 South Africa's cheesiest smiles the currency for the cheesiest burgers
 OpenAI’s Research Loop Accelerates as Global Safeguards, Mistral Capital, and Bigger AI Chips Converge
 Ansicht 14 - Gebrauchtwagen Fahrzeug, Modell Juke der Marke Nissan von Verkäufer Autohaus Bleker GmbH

--

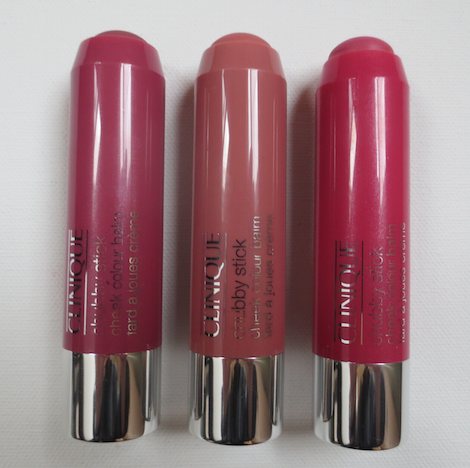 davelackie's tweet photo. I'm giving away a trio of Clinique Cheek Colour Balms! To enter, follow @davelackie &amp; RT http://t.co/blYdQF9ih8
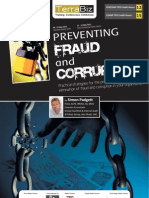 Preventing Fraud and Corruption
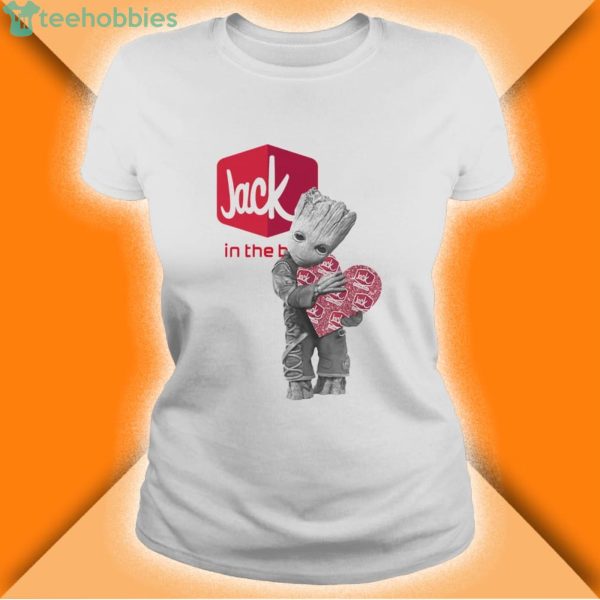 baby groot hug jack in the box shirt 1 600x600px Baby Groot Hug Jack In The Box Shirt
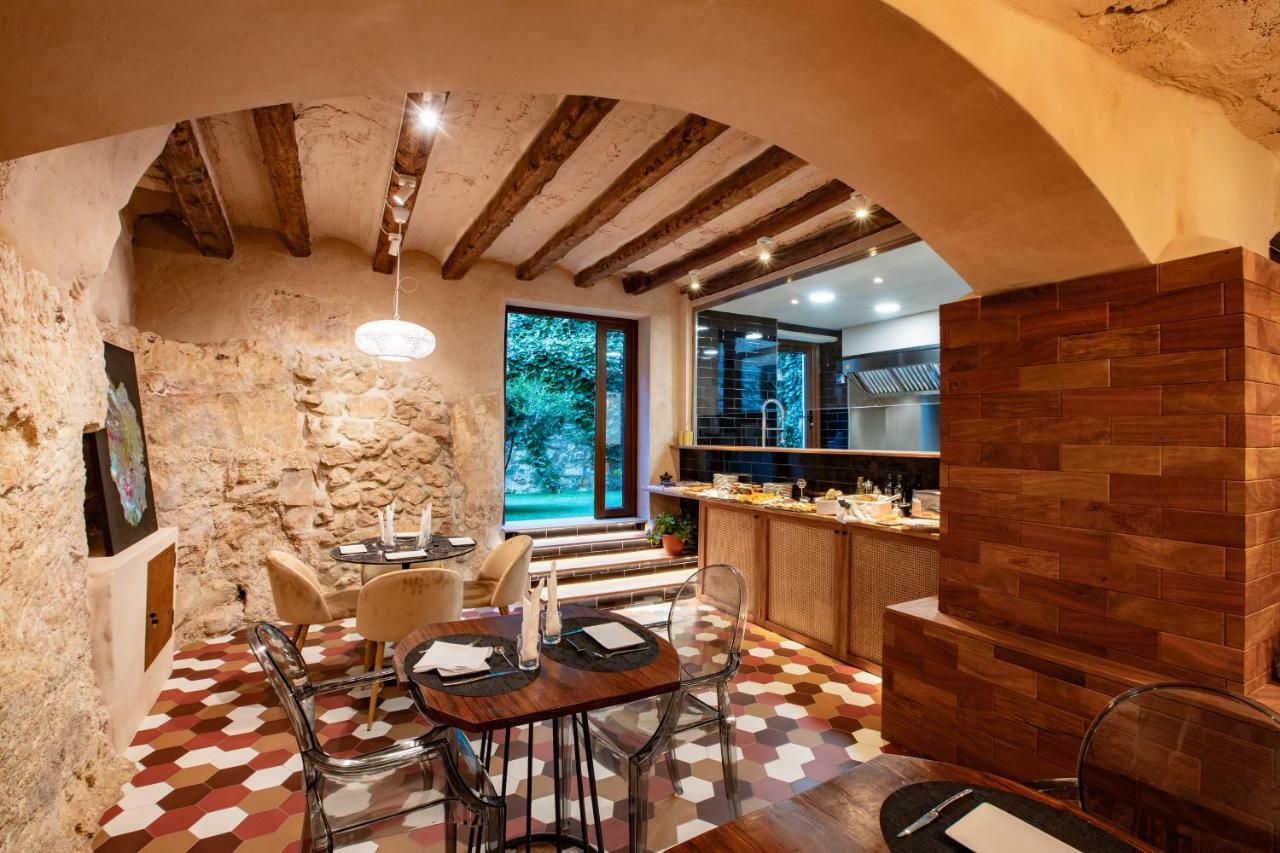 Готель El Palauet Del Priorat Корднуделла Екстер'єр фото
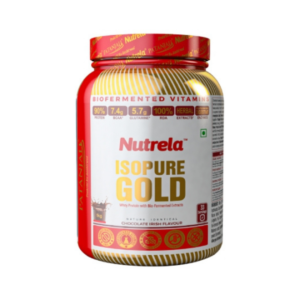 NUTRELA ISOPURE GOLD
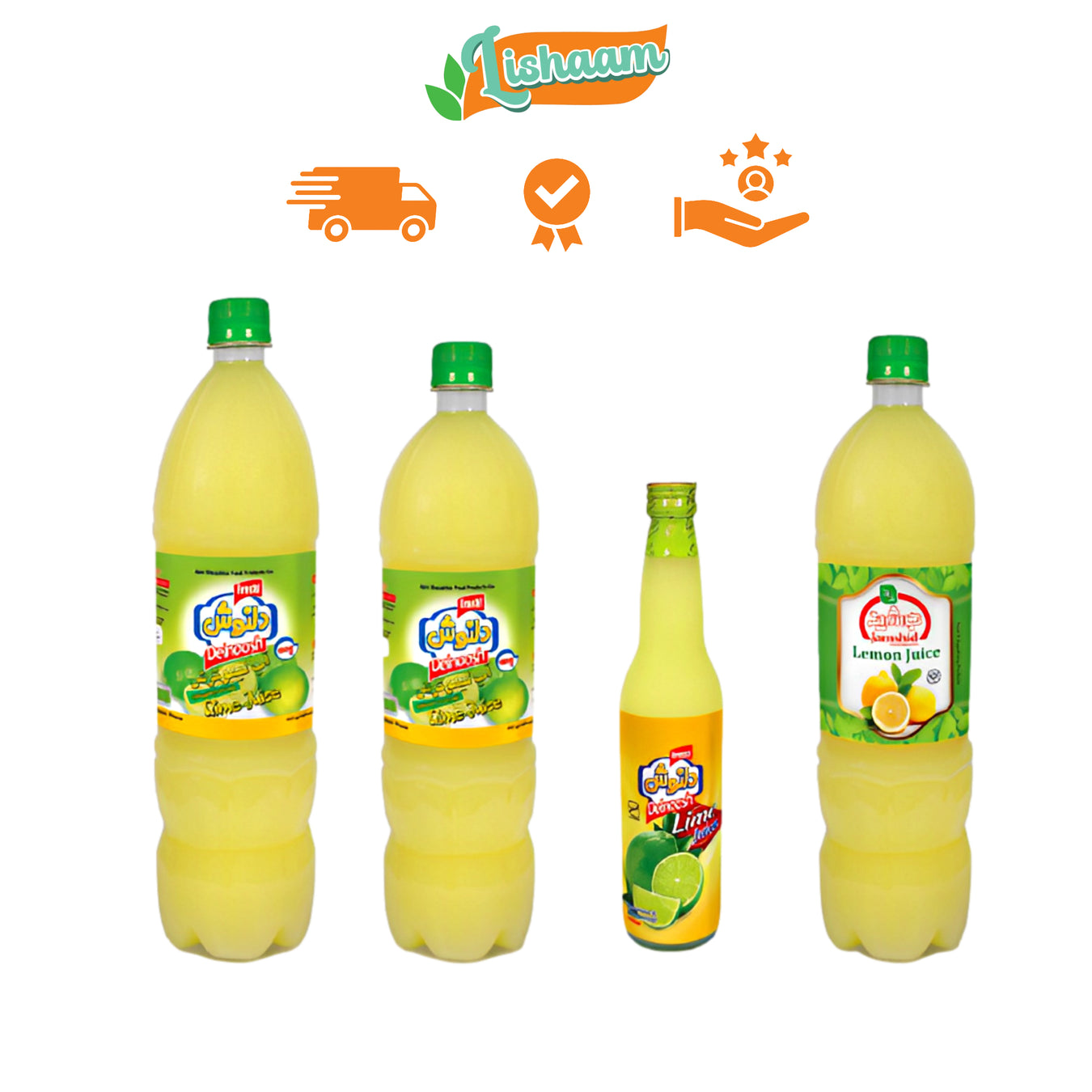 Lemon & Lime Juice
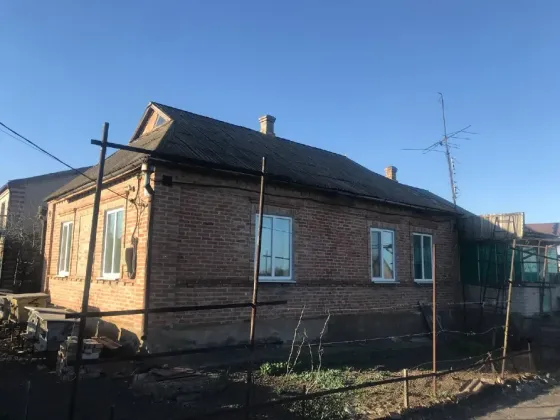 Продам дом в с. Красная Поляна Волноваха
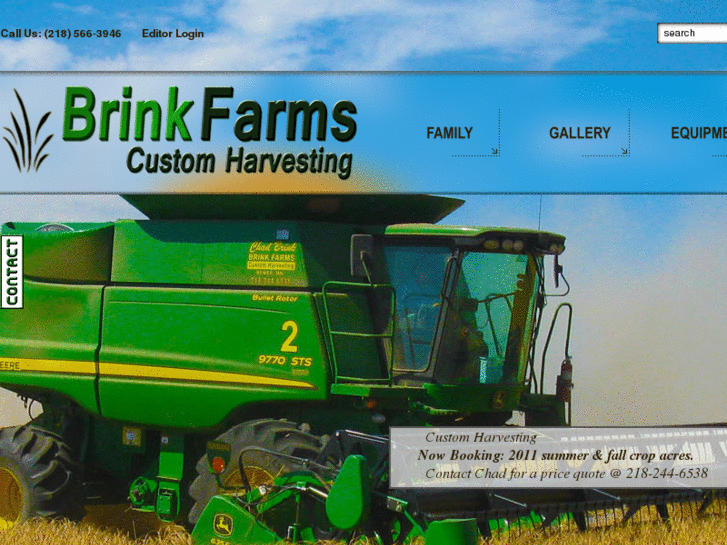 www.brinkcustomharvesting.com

Work request:
In the listing above, find the line with "Продам дом в с. Красная Поляна Волноваха" and the line with "www.brinkcustomharvesting.com". Set down both and every line between them, minus the pictures.

Response to this exercise:
 Продам дом в с. Красная Поляна Волноваха
 www.brinkcustomharvesting.com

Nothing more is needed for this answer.